ABOUT THIS EXERCISE: Would you repeat the listing exactly but omit every picture?

INFORMATION SUPPLIED:
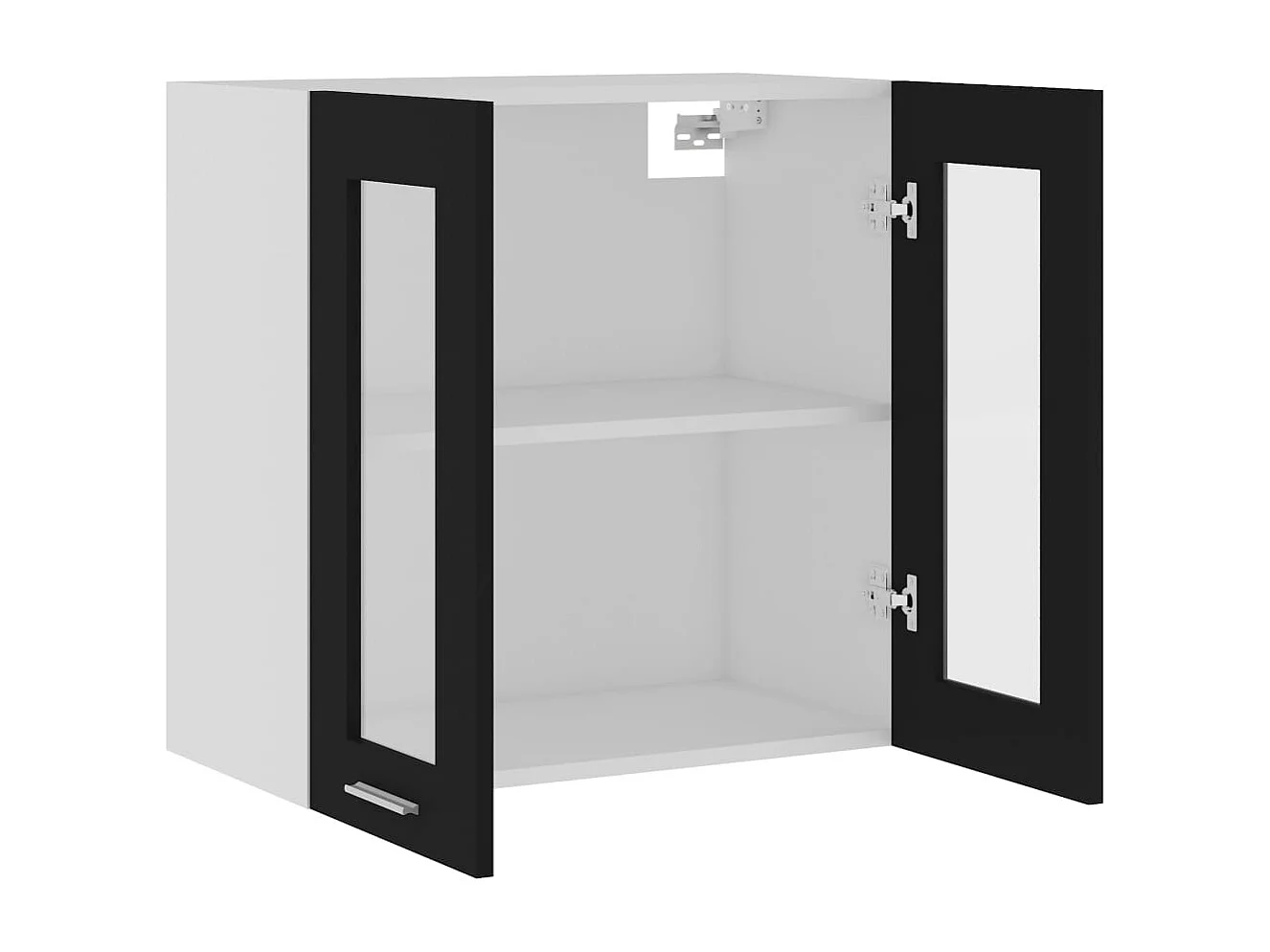 Hängeglasschrank Lyon Schwarz 60x31x60 cm Holzwerkstoff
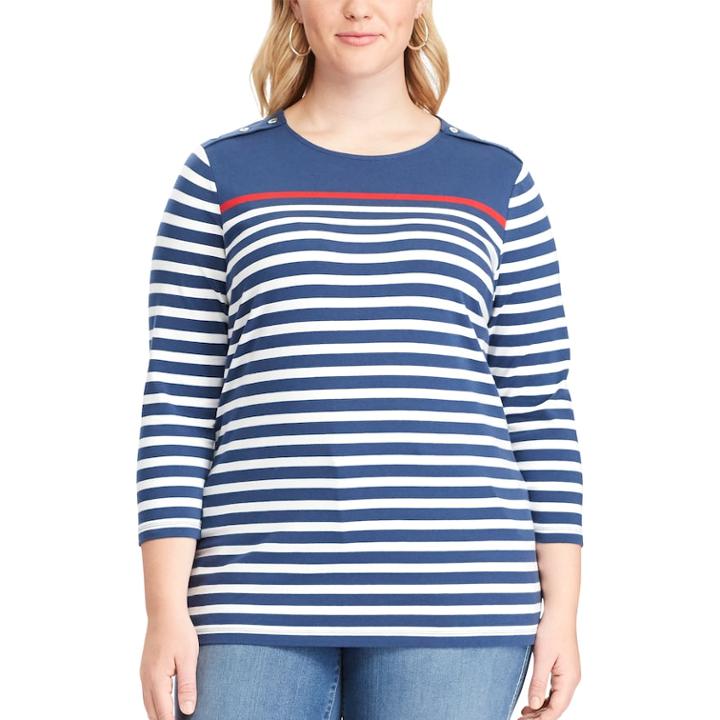 Plus Size Chaps Striped Jersey Crewneck Tee, Women's, Size: 2xl, Red
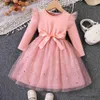 Robes de fille enfant en bas âge bébé filles robe florale enfants automne robe mouche manches arc fête princesse robe enfants vêtements 2 6 ans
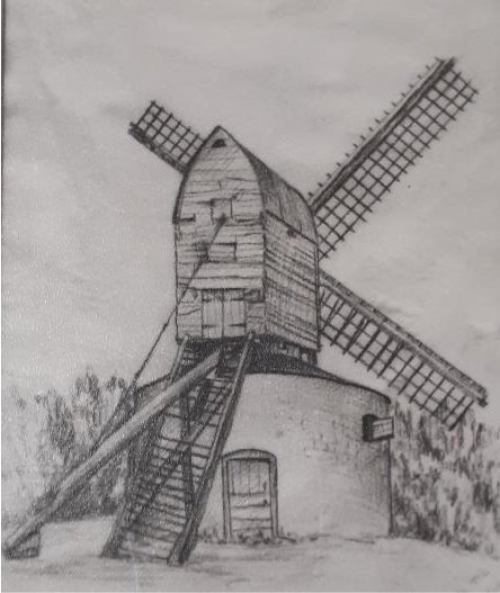 Photo of sketch of Shearsby Mill (Record Office for Leicestershire, Leicester and Rutland: PP377)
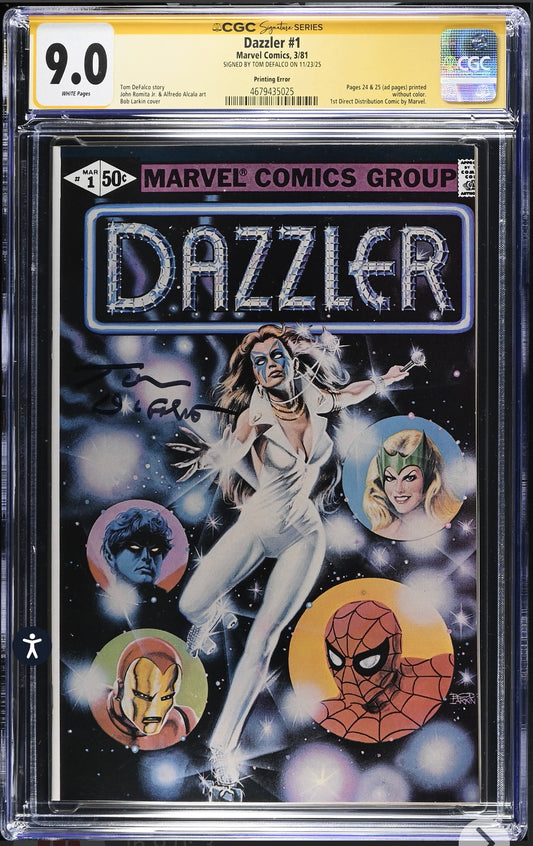 Dazzler #1 CGC SS 9.0 (Marvel, 1981) Signed By Tom Defalco (Printing Error)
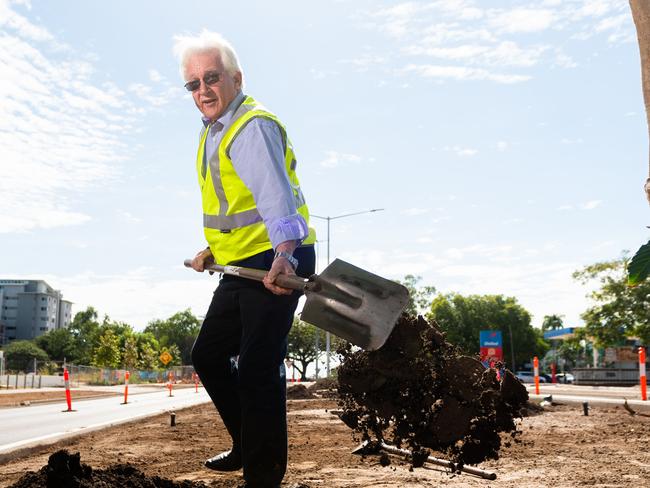 The first trees are being planted at Daly St on the CBD beautification project, Darwin. Lord Mayor of Darwin the Hon. Kon Vatskalis takes great pride in planting the first tree of the project.Picture: Che Chorley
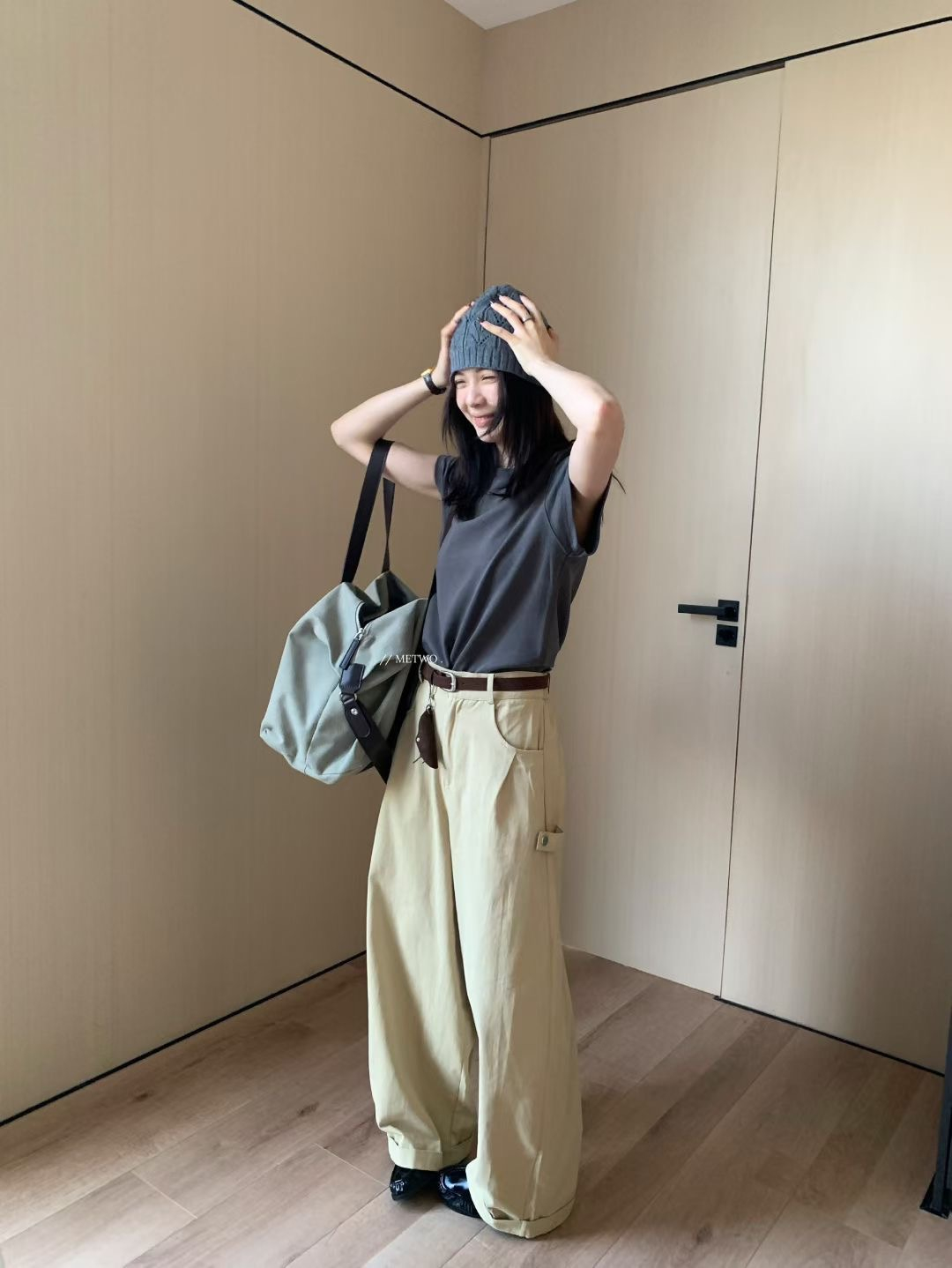 美式卡其皮帶褲6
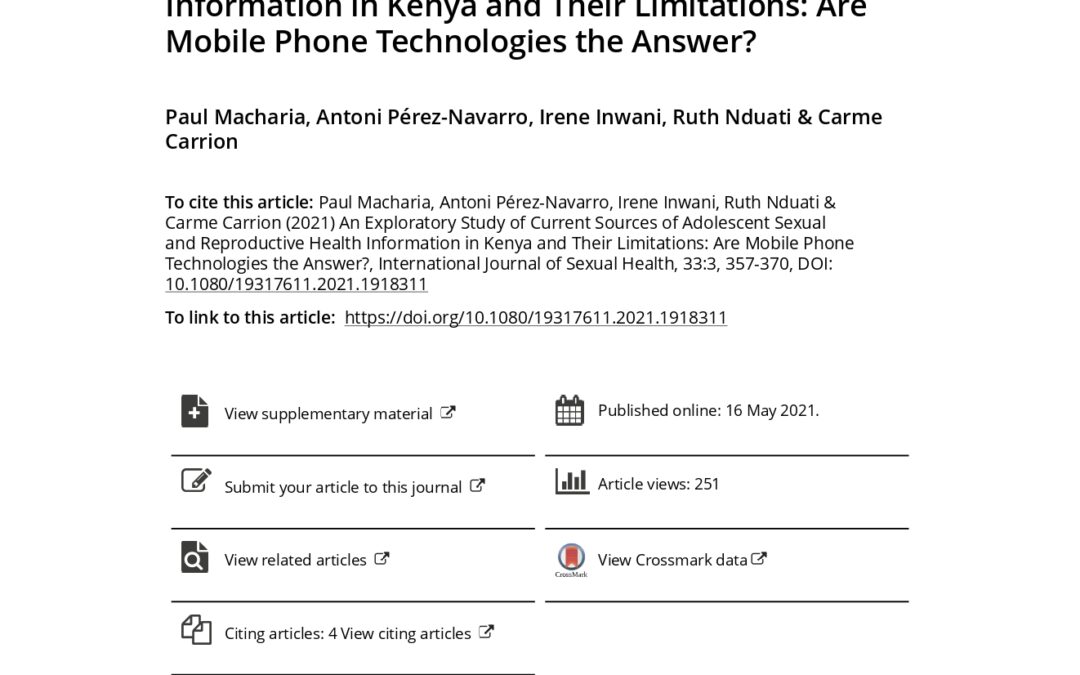 An Exploratory Study of Current Sources of Adolescent Sexual and Reproductive Health Information in Kenya and Their Limitations: Are Mobile Phone Technologies the Answer?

YOUR RESPONSE:
 Hängeglasschrank Lyon Schwarz 60x31x60 cm Holzwerkstoff
 Plus Size Chaps Striped Jersey Crewneck Tee, Women's, Size: 2xl, Red
 Robes de fille enfant en bas âge bébé filles robe florale enfants automne robe mouche manches arc fête princesse robe enfants vêtements 2 6 ans
 Photo of sketch of Shearsby Mill (Record Office for Leicestershire, Leicester and Rutland: PP377)
 Dazzler #1 CGC SS 9.0 (Marvel, 1981) Signed By Tom Defalco (Printing Error)
 The first trees are being planted at Daly St on the CBD beautification project, Darwin. Lord Mayor of Darwin the Hon. Kon Vatskalis takes great pride in planting the first tree of the project.Picture: Che Chorley
 美式卡其皮帶褲6
 An Exploratory Study of Current Sources of Adolescent Sexual and Reproductive Health Information in Kenya and Their Limitations: Are Mobile Phone Technologies the Answer?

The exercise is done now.